Il est vrai que nous-mêmes entendons vivre avec notre chagrin, que nous nous isolons délibérément ; et pourtant nous n’en pouvons plus d’être deux, l’issue du deuil passe par un plus large partage. La douleur de la perte est-elle un cadeau empoisonné fait aux amis, aux parents ? Je ne crois pas, bien au contraire. Vous ne pouvez pas nous comprendre ? Si, vous pouvez. Question de tempo, de ponctuation ou de vitesse dans cette vie qu’on dit justement courante. Foncez un peu moins en avant, ralentissez ; ne vous laissez pas trop vite distraire ; ne vous contentez plus des informations (l’annonce d’une mort est capitale – et après ?), ne vous fiez plus aux paroles en l’air, recentrez-vous sur la relation. Et essayez de méditer sur votre propre chétive existence.

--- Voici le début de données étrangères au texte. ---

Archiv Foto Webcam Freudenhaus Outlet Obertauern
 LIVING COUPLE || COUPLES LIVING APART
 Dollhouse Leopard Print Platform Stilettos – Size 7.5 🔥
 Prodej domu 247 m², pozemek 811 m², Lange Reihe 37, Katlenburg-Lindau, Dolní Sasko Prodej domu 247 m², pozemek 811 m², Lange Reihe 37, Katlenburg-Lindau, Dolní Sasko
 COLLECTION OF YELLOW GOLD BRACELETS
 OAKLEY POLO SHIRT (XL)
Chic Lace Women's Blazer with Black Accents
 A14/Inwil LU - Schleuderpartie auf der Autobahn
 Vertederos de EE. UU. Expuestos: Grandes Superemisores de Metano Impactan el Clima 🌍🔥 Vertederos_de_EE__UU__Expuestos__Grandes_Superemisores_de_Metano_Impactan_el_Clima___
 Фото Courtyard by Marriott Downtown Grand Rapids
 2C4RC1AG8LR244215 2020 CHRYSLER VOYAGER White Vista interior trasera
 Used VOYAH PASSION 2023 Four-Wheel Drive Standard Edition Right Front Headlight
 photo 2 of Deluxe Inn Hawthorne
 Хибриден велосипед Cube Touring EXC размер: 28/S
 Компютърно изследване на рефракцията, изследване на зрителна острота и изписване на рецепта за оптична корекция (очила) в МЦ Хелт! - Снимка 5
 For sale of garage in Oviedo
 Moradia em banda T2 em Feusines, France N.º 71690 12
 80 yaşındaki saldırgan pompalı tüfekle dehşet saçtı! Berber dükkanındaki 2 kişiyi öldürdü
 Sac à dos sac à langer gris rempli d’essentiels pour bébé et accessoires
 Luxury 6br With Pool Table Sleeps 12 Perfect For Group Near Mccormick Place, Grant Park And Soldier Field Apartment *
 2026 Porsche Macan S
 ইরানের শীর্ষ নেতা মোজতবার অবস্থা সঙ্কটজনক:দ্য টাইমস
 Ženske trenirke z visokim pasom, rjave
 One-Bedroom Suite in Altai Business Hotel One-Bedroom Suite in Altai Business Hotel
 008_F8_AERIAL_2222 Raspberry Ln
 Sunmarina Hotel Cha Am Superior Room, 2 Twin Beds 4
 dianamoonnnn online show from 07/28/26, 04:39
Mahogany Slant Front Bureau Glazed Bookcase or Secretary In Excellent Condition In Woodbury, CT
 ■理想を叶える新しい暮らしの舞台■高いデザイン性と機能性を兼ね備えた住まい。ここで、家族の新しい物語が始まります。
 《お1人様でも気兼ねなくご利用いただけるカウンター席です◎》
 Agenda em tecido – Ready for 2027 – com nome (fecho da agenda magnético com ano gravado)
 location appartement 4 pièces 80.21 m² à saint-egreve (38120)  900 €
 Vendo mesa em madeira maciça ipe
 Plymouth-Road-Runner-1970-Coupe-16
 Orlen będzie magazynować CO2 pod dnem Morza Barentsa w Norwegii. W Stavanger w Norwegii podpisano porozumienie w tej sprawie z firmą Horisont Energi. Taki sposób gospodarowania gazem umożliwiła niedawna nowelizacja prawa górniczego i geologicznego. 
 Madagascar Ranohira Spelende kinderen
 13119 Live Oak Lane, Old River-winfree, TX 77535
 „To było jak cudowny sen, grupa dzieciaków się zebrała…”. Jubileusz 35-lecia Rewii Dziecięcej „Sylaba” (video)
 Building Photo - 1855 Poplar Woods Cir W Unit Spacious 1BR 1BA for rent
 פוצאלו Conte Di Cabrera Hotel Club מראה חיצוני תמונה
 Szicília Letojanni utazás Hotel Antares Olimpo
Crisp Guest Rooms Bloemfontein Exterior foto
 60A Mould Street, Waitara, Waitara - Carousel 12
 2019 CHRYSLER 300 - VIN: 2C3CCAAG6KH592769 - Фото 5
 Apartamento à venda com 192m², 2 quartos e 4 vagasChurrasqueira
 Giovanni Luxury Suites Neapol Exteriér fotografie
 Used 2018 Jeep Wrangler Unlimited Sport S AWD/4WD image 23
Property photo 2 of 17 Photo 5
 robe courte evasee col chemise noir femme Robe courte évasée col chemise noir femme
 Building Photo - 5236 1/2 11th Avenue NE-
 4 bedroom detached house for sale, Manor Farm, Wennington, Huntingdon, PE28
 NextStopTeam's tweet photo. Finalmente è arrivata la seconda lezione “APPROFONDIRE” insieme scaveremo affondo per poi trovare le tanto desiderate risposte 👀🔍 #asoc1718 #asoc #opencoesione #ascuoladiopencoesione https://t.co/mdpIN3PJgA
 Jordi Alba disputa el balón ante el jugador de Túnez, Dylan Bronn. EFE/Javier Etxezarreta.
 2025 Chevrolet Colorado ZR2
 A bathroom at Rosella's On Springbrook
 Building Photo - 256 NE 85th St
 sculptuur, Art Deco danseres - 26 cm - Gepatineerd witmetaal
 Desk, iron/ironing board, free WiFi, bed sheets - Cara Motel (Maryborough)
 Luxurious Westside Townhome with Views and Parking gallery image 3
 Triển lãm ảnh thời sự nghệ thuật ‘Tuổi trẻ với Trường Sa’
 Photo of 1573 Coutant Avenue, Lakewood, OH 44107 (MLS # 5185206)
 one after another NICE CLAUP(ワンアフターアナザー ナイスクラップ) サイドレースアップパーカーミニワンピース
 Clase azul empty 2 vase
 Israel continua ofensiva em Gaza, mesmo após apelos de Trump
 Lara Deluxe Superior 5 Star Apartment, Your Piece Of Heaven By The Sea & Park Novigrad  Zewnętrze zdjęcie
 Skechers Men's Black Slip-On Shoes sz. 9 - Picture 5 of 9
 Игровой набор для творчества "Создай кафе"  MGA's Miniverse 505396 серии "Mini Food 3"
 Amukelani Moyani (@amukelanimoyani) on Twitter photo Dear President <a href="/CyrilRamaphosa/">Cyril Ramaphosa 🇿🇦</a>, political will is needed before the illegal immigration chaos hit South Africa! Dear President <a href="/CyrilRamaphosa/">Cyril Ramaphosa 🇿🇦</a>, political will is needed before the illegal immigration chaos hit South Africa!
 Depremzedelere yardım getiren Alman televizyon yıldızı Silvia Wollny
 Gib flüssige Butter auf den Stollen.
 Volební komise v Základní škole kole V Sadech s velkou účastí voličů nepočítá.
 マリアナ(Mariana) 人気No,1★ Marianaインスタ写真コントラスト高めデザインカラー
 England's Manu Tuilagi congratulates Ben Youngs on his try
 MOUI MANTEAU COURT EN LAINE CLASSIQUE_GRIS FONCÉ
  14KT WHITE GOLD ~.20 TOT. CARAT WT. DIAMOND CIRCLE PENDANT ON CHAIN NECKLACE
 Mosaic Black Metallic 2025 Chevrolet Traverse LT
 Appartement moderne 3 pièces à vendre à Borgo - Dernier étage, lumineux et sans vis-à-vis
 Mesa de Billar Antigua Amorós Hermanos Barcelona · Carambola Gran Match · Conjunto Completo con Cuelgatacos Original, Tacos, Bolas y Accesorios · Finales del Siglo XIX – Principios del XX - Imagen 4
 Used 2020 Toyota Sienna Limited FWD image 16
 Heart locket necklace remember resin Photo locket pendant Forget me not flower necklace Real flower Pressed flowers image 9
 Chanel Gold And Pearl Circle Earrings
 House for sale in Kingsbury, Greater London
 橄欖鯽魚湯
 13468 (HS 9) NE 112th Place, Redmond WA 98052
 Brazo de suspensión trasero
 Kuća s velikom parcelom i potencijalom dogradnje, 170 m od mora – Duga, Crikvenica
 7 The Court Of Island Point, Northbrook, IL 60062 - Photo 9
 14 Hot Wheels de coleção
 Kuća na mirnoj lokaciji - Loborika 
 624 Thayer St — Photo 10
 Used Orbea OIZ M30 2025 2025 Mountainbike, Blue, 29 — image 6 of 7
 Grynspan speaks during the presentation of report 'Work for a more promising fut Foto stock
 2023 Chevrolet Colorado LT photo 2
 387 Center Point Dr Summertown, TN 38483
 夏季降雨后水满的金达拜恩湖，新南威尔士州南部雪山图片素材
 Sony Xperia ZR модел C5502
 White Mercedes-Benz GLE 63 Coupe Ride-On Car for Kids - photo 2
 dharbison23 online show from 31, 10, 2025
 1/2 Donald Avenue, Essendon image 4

Très peu d’information à vrai dire depuis trois semaines nous touchent. L’Ukraine, la Syrie, les J.O., pfuitt ! Vraiment, littéralement, nous avons désormais un pied dans la tombe, nous traversons les jours en boitant ou en regardant ailleurs, entre la vie et la mort, passionnément. C’est triste ? Oui et non, c’est captivant. Brieuc nous prend un temps fou. Depuis qu’avant nous il a franchi les portes de bronze et de glace derrière lesquelles il se tient désormais, nous savons que nous ne pouvons le rejoindre et pourtant nous demeurons avec lui ; ou nous sommes par lui, de ce côté-ci, très occupés. Absurdement ou stupidement affairés à lui donner nos pensées, nos phrases, « tout ce sang » qui le maintient mentalement dans la chaleur de nos vies. Membre fantôme absent et pourtant tellement sensible. Fourmillante présence ! Nous nourrissons le mort de cette transfusion qui nous dévitalise.
Maïakovski avant son suicide a laissé un dernier billet : « La barque de l’amour s’est brisée contre la vie courante ». Dans notre amour de Brieuc nous vivions embarqués ; avec cette mort, quelle voie d’eau dans notre barque ! Mes amis, vous n’y êtes pas ; aidez-nous, car ce sera long, à colmater, à pomper… A retracer la juste démarcation entre la mort et la vie.